But more importantly, you earn frequent flyer miles at the same time. As you go about planning your next holiday, wouldn’t it be nice to be able to swap your air points for a free air ticket?

Trouble is, if you just sign up for the first air miles card you see and only use it when you remember it exists, chances are you’ll never collect enough points to even make it to KL. Collecting air miles needs to be done strategically with the right card.

Here are the best credit cards for air miles in Singapore, plus some useful info on how they work so you can game the system.

1. Best air miles cards in Singapore 2023

Best for 

Best air miles credit cards

Miles that don’t expire

Citi PremierMiles, DBS Altitude, OCBC 90°N

Earning KrisFlyer miles

Amex KrisFlyer, UOB KrisFlyer

Everyday spending

UOB KrisFlyer, Maybank Horizon, HSBC Revolution

One-off expenses

UOB PRVI Miles, Amex KrisFlyer

Petrol

Maybank Horizon, DBS Altitude

Dining

UOB KrisFlyer, UOB PRVI Miles

Online shopping

 UOB KrisFlyer, OCBC 90°N, HSBC Revolution, Standard Chartered Journey Credit Card

Overseas spending (foreign currency)

UOB PRVI Miles, DBS Altitude

2. Citi PremierMiles Card

If the thought of spending thousands of dollars in just a couple of months makes you blanch, you need a card with miles that don’t expire so you can take your time to slowly accumulate them. This is especially the case if you’re a fresh grad or a generally frugal person without any big expenses coming up. Enter the Citi PremierMiles Card!
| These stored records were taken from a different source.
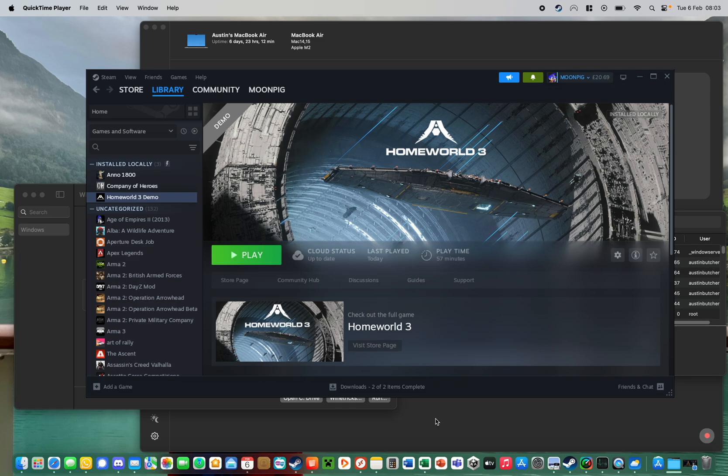Hello. I thought I'd do a quick video. Really excited to see that Homeworld 3 is working — anyway the demo does — on my M2 MacBook Air 15 inch.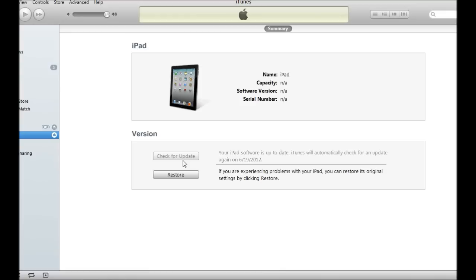So you are going to DFU mode: power and home button for 10 seconds, and after the device powers off, let go of the power button but continue hitting the home button until you get a notification in iTunes that it's in recovery mode.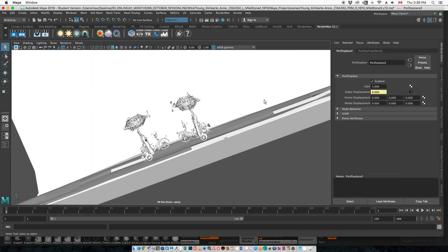RenderMan — the newest RenderMan — I recommend you do not download until you have time to study it. I made the mistake of downloading it and going into lecture yesterday trying to show it, and when I opened it up I was like, oh my God, it's completely different.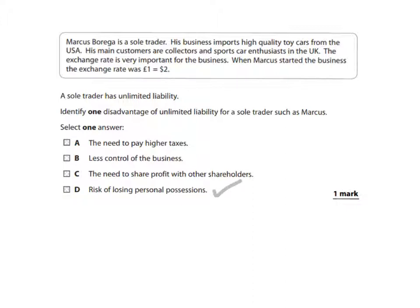Options A, B, and C don't apply here. C doesn't apply because it describes a dividend — which relates to private and public limited companies paying a percentage of profits to shareholders. As for 'less control of the business,' if unlimited liability applies and the business fails, there's potentially no business left to control, and Marcus as a sole trader already has full control.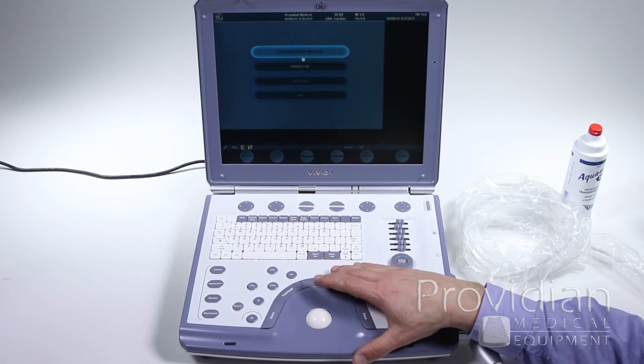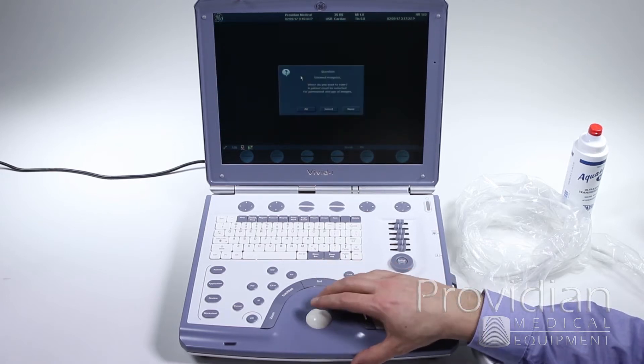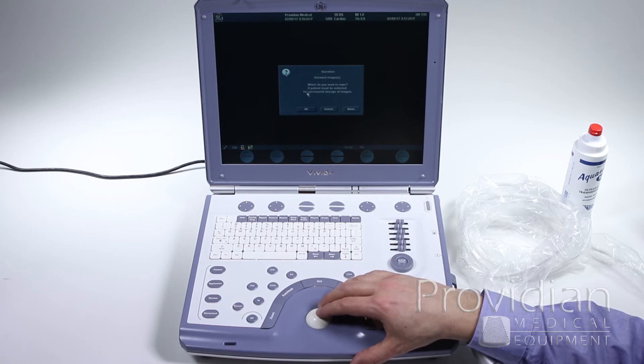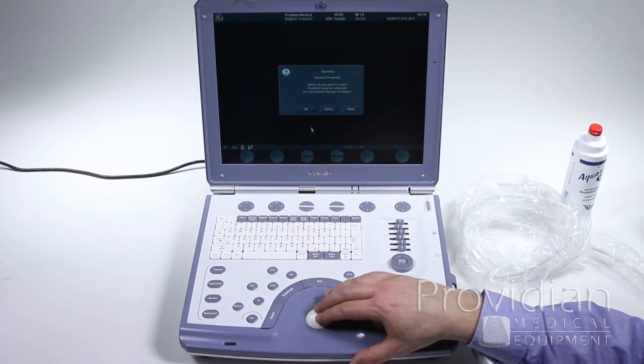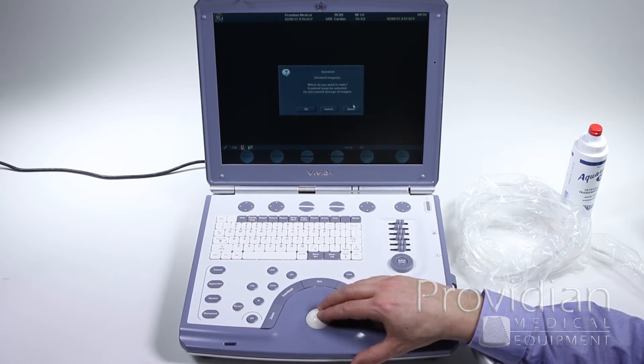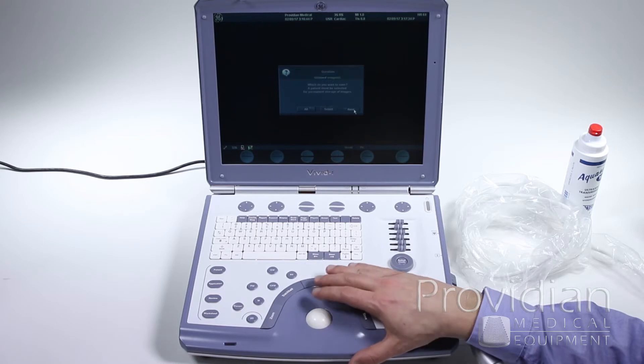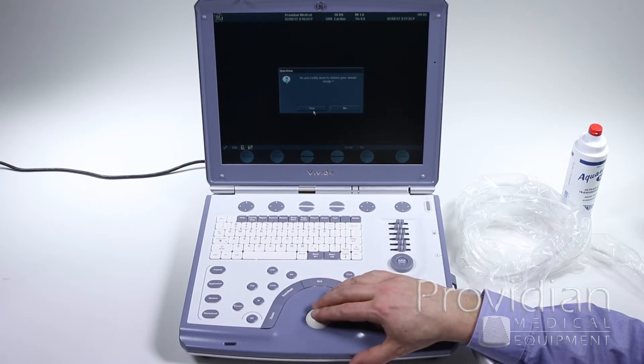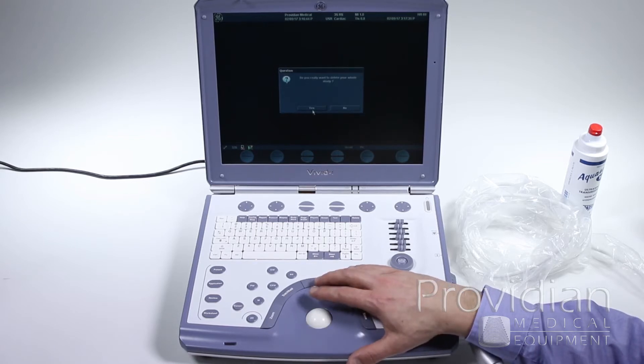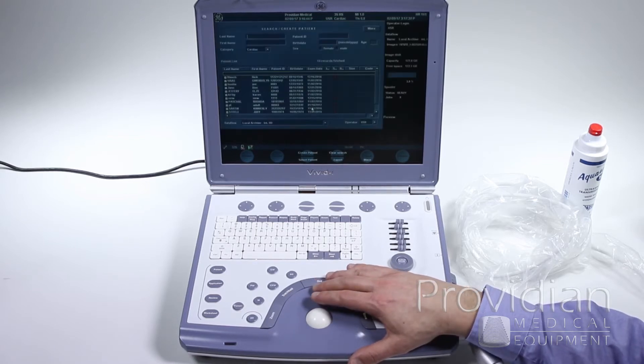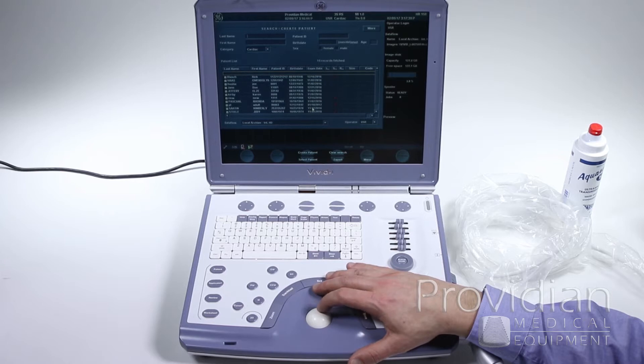Let's go ahead and create a new patient. It's saying that I had those images stored from that previous video. Do I want to store them? I don't want to store any of them. Yes, I do want to delete that whole study.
While the earn rate of such cards is typically not that great, the Citi PremierMiles offers a fairly attractive earn rate: 1.2 miles for every $1 of local spending, and two miles for every $1 spent on foreign currency spending.
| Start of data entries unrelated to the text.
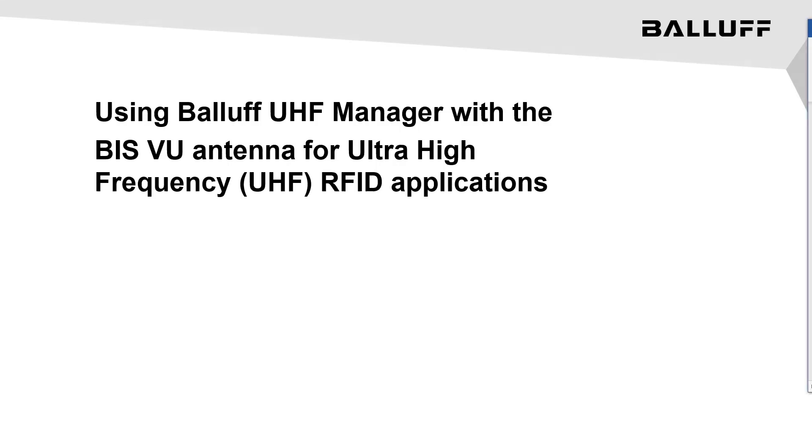This video will go through using Balluff UHF Manager tool with the BIS-VU antenna and processor for ultra-high frequency UHF RFID applications.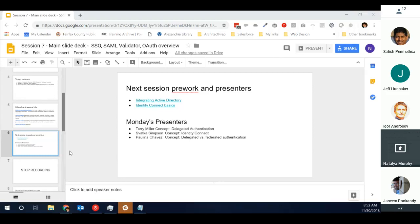For Monday, Terry, Svatka, and Paulina are on deck. We're going to continue deep diving into SSO and communities for another week, and then the fun starts with OAuth. Your next topics of study are delegated authentication, identity connect with active directory, and the difference between delegated and federated authentication. I'm going to stop the recording — everybody have a great weekend and we'll talk on Monday.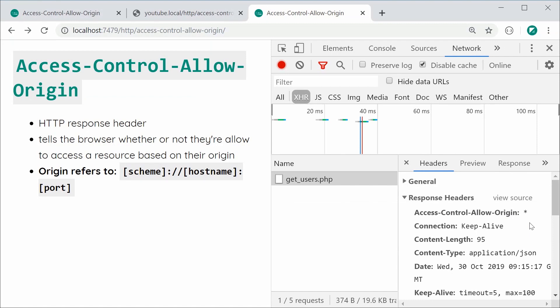I also want to mention that this rule is only enforced by the client — the web browser. As an HTTP client, you don't actually need to comply with this header. Technically, nothing is stopping you from reading the response anyway, for example if you wrote a Python script to retrieve the resource via HTTP — but you shouldn't. That's specified in the spec.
From now till Oct 31, 2023, the card gives you a welcome gift of 30,000 Citi Miles when you apply and spend $800 in two months. You’ll also have to pay the annual fee of $194.40, payable from the end of your first year.

3. DBS Altitude Card

DBS Altitude is another card that lets you accumulate air miles that never expire. The card rewards you with:

  • 10 miles per $1 spent on online hotel bookings with Kaligo ($5,000/month cap)
  • 6 miles per $1 spent on flight, hotel, and travel bookings with Expedia ($5,000/month cap)
  • 2.2 miles for every $1 spent overseas (at point of sale)
  • 1.3 miles for every $1 spent locally

As you might have guessed, this is a card that is best used for travel bookings and overseas spending rather than locally.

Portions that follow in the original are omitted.